Already ranked as Australia’s richest person with a fortune Forbes estimates at US$26 billion, Rinehart has plunged into lithium, a key metal in the batteries used to power electric vehicles.
A pair of daring stock market raids over the past two months expanded her stake in the lithium industry, while also forcing one takeover bid to be abandoned and another to be unsettled.
Snapping up a 19.9% stake in an emerging Australian lithium miner, Liontown Resources, forced U.S.-based Albemarle Corporation to drop its US$4.2 billion takeover offer, while buying a 15.4% interest in Azure Minerals has upset a move on that company by Chile’s lithium leader, Sociedad Quimica y Minera (SQM).
Those moves on the Australian stock market follow an earlier investment in Vulcan Energy Resources, which is developing a lithium and geothermal energy project in Germany’s Rhine Valley.
Funding From Iron Ore Profits
Funding for her lithium investments, which are believed to have cost US$1.5 billion so far, is coming from her iron ore interests which last financial year made the biggest contribution to a US$3.3 billion profit by her master company, Hancock Prospecting.
Another feature of her addition of lithium to a portfolio which already includes agricultural assets along with oil and gas, is that the bulk of lithium investments have been made as the price of the metal has been falling.
A glut of lithium, especially in China, has seen the price of material in its pre-battery form as lithium carbonate or lithium hydroxide fall by more than 70% over the past 12-months from around US$82,000 a tonne to US$22,000/t forcing some producers to withhold deliveries until prices improve.
The steep fall, which mirrors what happened in 2017, the last time lithium supply overpowered demand, has hit the share prices of most lithium exploration and mining companies as most investors trim their exposure.

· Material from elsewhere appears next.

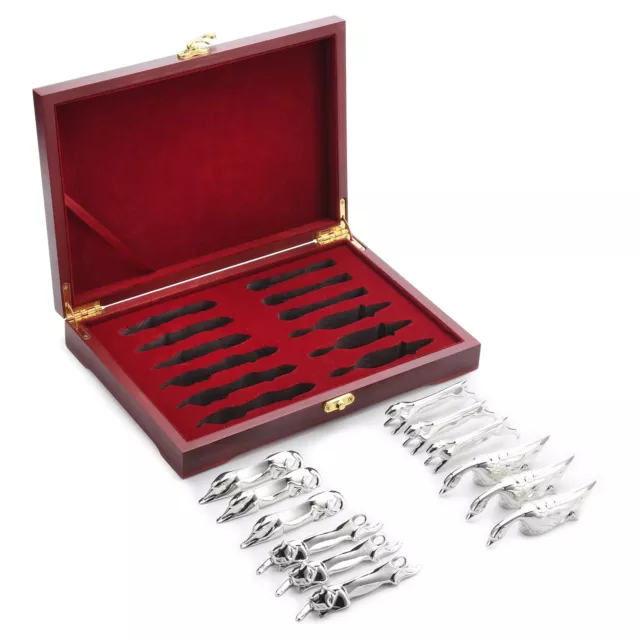 Silver Knife Rest Set &#8216;Animali d&#8217;Europa&#8217; Cutlery Rest Set with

Buy When Others Are Fearful
Not Rinehart, she is putting into practice the advice of legendary investor Warren Buffet who has said that one of his investing maxims is “to buy when others are fearful.”

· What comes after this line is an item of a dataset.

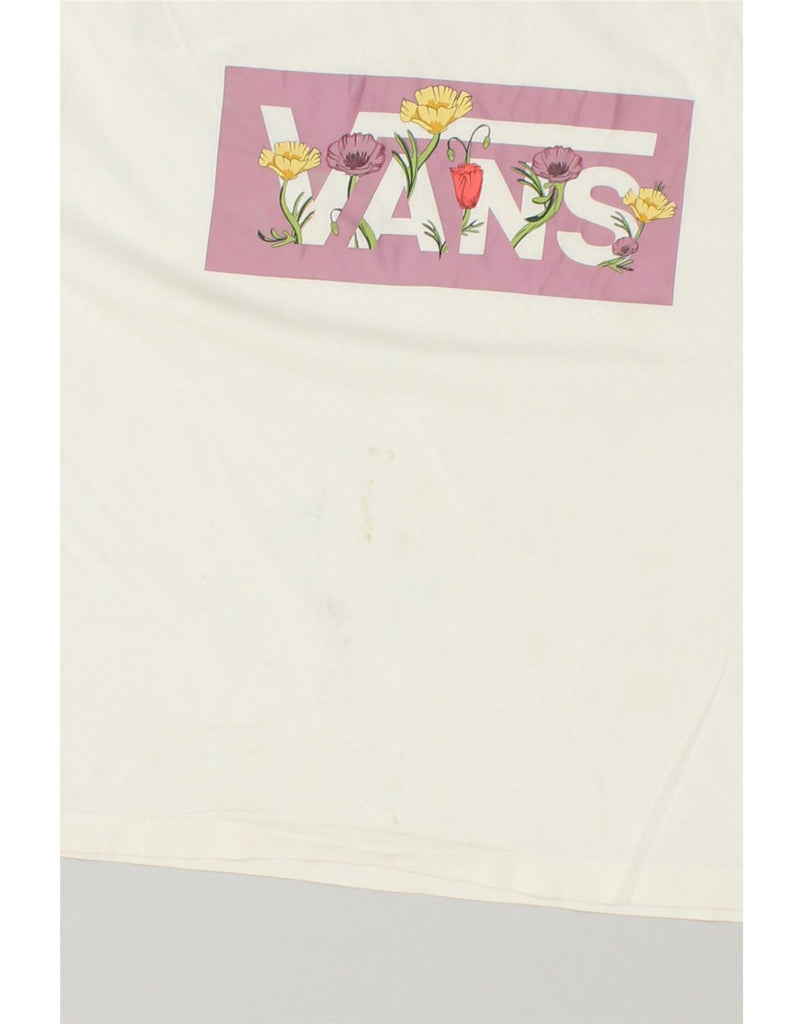 VANS Womens Oversized Crop Graphic T-Shirt Top UK 14 Medium Off White Vintage Vans and Second-Hand Vans from Messina Hembry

The lithium business Rinehart appears to be creating will probably need fine-tuning because while she understands mining better than most thanks to the pioneering work of her late father, Lang Hancock, she will need to bring in processing expertise to capture the full value of the metal.
Albemarle, a chemical specialist, could provide that skill if it remains exposed to Liontown after dropping its takeover bid, as could SQM, which is building a processing business in Australia with a local partner, the diversified industrial company, Wesfarmers.
The Korean Connection
A third, and most likely lithium processing partner for Rinehart is Korea’s big steel and industrial materials company, Posco, which is already developing a business making lithium cathode material for batteries in the U.S. as well as investing in a lithium mine in Argentina and a new lithium processing plant in Korea.
Posco is also a shareholder in Rinehart’s most profitable business, the Roy Hill iron ore mine, along with shared ownership of the Senex gas business in eastern Australia.
Clear signals have been sent by Posco that it wants exposure to Australian lithium, including those in a statement issued after a visit in June to Australia by the company’s chairman, Choi Jeong-Woo, after signing a “strategic cooperation” agreement with Rinehart.
The agreement, in the form of a memorandum of understanding specified interest in lithium, nickel and copper, as well as advanced forms of value-added iron ore processing.
With Rinehart assembling lithium assets in the ground and Posco having the technical skills to produce battery grade lithium chemicals, a perfect Australia/Korea partnership could be forming.